EJI’s new video, Abbeville, documents the extraordinary journey of a family and community who overcame a century of silence to expose an American story about hard work and achievement, racial terrorism and exile, and the healing power of truth-telling.
A century ago, a white mob beat, stabbed, shot, and hung Mr. Crawford, a 56-year-old Black farmer, in the Abbeville, South Carolina, town square, after he dared to argue with a white merchant over the price of cottonseed. The patriarch of a large, multi-generational family, and the owner of 427 acres of land, Mr. Crawford was a successful farmer and leader whose murder had long-reaching effects.

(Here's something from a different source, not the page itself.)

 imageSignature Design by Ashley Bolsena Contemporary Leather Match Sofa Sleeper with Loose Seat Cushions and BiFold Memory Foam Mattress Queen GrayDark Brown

The gruesome public murder, though committed openly, did not lead to prosecution or conviction for any members of the mob. Days after the lynching, Abbeville’s white residents “voted” to expel the Crawford family from the area and seize their property. When South Carolina’s governor declared himself powerless to protect the family from violence, most of the surviving relatives fled to destinations as distant as New York and Illinois, fragmenting the once strong and close-knit family.
It would take ongoing efforts over generations to begin to repair and reconnect those bonds through family reunions and the persistence of family elders who ensured that the younger generations saw Grandpa Crawford’s photograph at family gatherings and knew the story of both his life and death.
The short film documents and honors the Crawford family’s determination to tell their story. Doria Johnson was born in Chicago, 45 years after her great-great-grandfather’s lynching forced her family to flee north with Doria’s young grandmother wrapped in newspaper to shield her from the cold. On the 100th anniversary of the lynching, she addressed hundreds of community members, college students, and supporters from near and far who gathered together in Abbeville to witness and celebrate the unveiling of a historical marker bearing Mr. Crawford’s photograph and publicly declaring the previously unspoken truth of how his life ended.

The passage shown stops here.